É mais fácil sensibilizar pessoas de ideologia conservadora
para os riscos da mudança climática apontando diferenças entre o presente e o
passado do que apelando para o futuro, diz um conjunto de seis experimentos
consolidados em um artigo publicado no periódico PNAS.
As pesquisas foram
realizadas online e envolveram 1,6 mil respondentes, que leram textos sobre
mudança climática com foco no passado ou no presente, além de textos-controle
sobre outros assuntos. Também foram usadas imagens que poderiam refletir
mudanças na paisagem que já aconteceram ou simulações de alterações previstas.
“Comparações com o passado eliminam grande parte da divisão
política que separava as atitudes dos respondentes liberais e conservadores em
relação à, e o comportamento para com, a mudança climática”, escrevem os
autores, dos Estados Unidos e Alemanha: as conclusões do "paper" apontam que o apelo ao passado permite cobrir "lacuna política" entre liberais e conservadores no que diz respeito à mudança climática numa média de 77% das vezes.
Num dos experimentos, onde os respondentes eram estimulados a doar dinheiro para ONGs, ficou claro que conservadores preferem apoiar grupos que focalizam seus apelos em comparações com o passado, enquanto que liberais preferem doar para ações que usam exemplos focados no futuro.
Esse trabalho vem se somar a outros que já vinham apontando a conexão entre crenças e valores -- é mais fácil a uma pessoa, que adere a um certo valor A, aceitar uma crença B se ela lhe parecer compatível com A -- e, também, a estruturação das crenças em redes, em que a conexão lógica ou afetiva entre uma nova crença proposta e as crenças pré-existentes pode fortalecer ou enfraquecer sua chance de adoção.

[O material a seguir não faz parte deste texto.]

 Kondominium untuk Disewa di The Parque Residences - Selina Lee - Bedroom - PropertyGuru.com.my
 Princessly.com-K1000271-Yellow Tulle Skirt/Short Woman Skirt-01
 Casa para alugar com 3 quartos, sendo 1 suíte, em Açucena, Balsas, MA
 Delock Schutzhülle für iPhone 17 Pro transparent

Há até um estudo sugerindo que as pessoas são capazes de considerar alegações contraditórias entre si igualmente plausíveis, desde sejam, ambas, compatíveis com uma crença mais ampla -- por exemplo, pessoas que acreditam que o governo americano mente sobre terrorismo podem achar "altamente provável" tanto que Osama bin Laden ainda está vivo quanto que ele já estava morto muito antes de sua execução ter sido anunciada.

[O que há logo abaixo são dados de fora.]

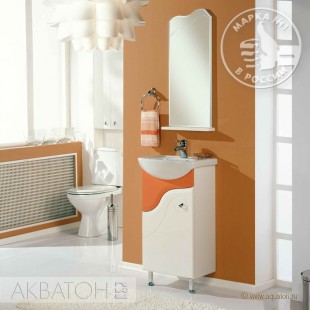 Мебель для ванной Акватон Колибри 45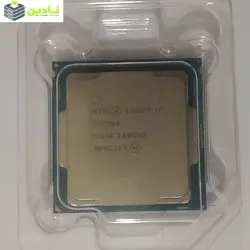 پردازنده مرکزی اینتل سری Kaby Lake مدل Core i7-7700 تری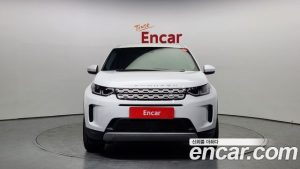 Land Rover Discovery Sport P250 SE 2020 года из Южной Кореи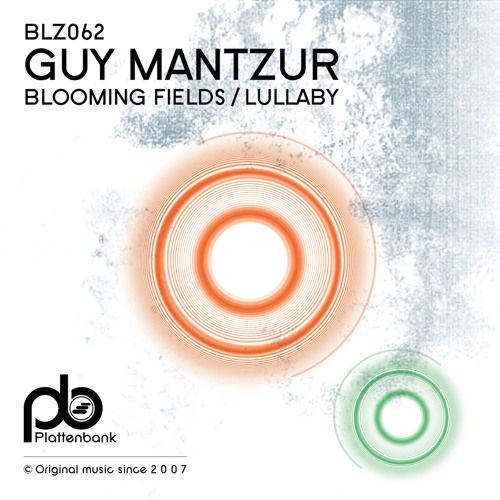 Premiere: Guy Mantzur - Lullaby
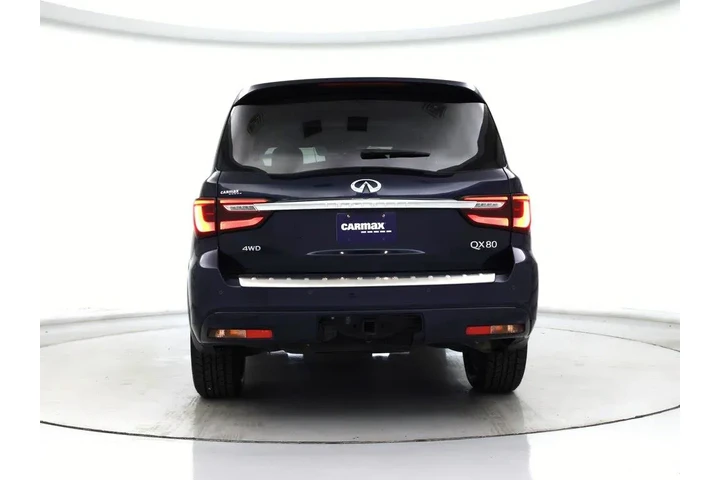 $38998 : INFINITI QX80 2024 AWD Luxe image 6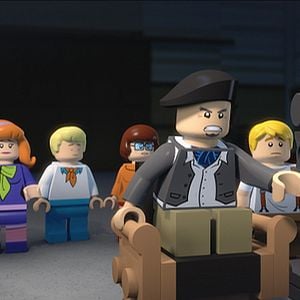 Foto Lego Scooby-Doo! Hollywood Assombrada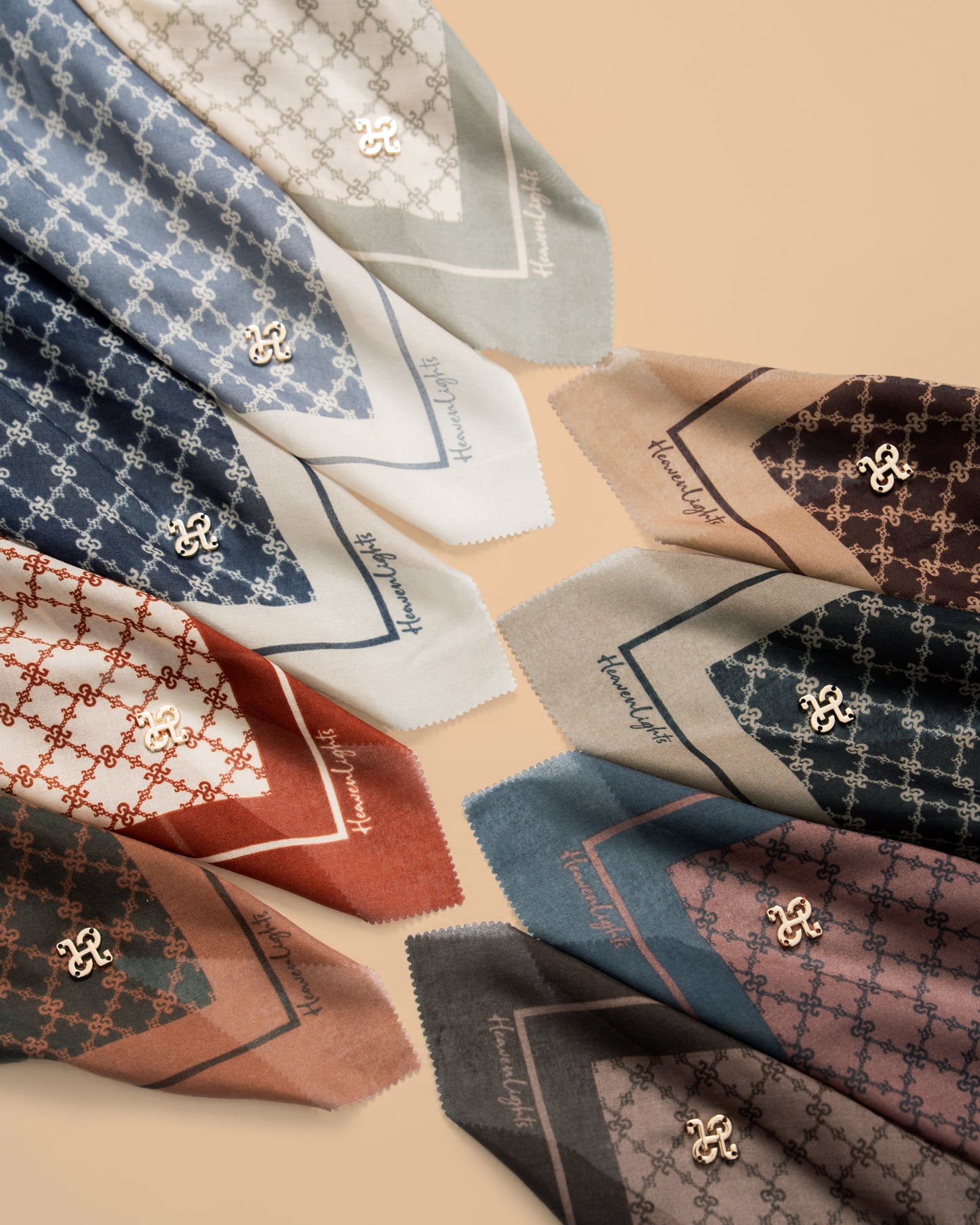 Serenite Scarf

Confesso que vejo trabalhos como esse da comparação entre "exemplos do passado" versus "exemplos do futuro" com um certo grau de ambiguidade ética: há uma zona nebulosa entre a persuasão emotiva e a desonestidade intelectual. Exemplos deveriam ajudar as pessoas a pensar sobre o que está sendo discutido, não distraí-las da questão em tela.

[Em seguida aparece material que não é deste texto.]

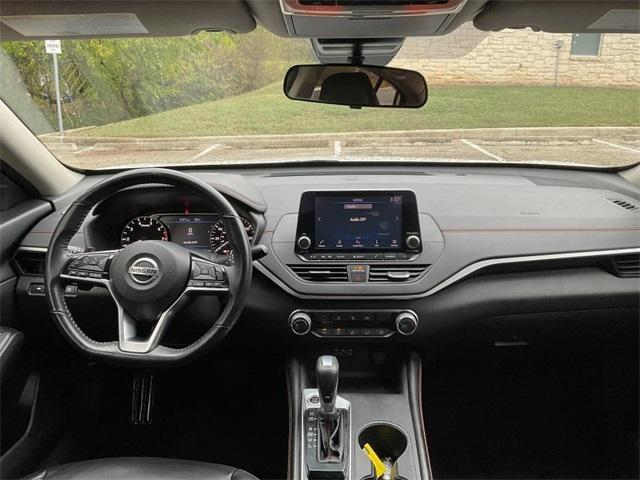 used 2021 Nissan Altima car, priced at $17,500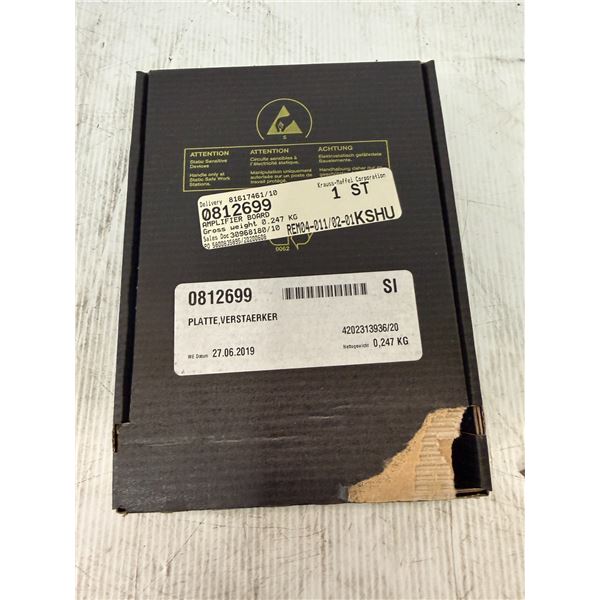 Rexroth #VT-5041-31/V13D / #R901263600 Circuit Board
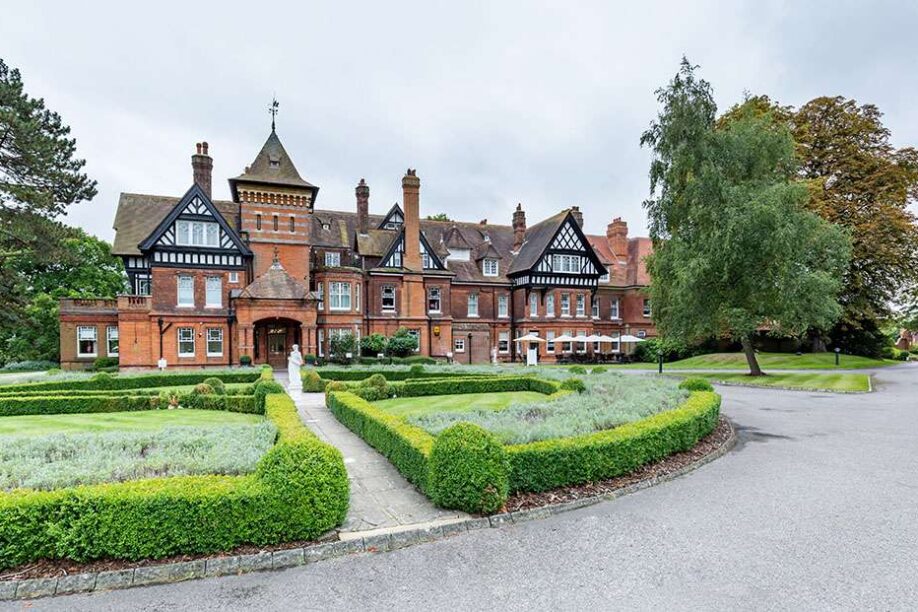 Corporate venue Surrey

No entanto, não há nada de essencialmente errado em enquadrar uma mensagem de modo adequado para o público que se pretende atingir. De fato, é possível argumentar que o que mais se precisa hoje do mundo é de uma maior preocupação com esse tipo de enquadramento, ao menos da parte de quem acredita ter causas importantes a defender: certas pessoas convencem-se fácil demais de que a pureza e a urgência de sua causa fulguram de tal modo nos céus do Novo Mundo que quem não as enxerga de imediato é cego, idiota ou inimigo.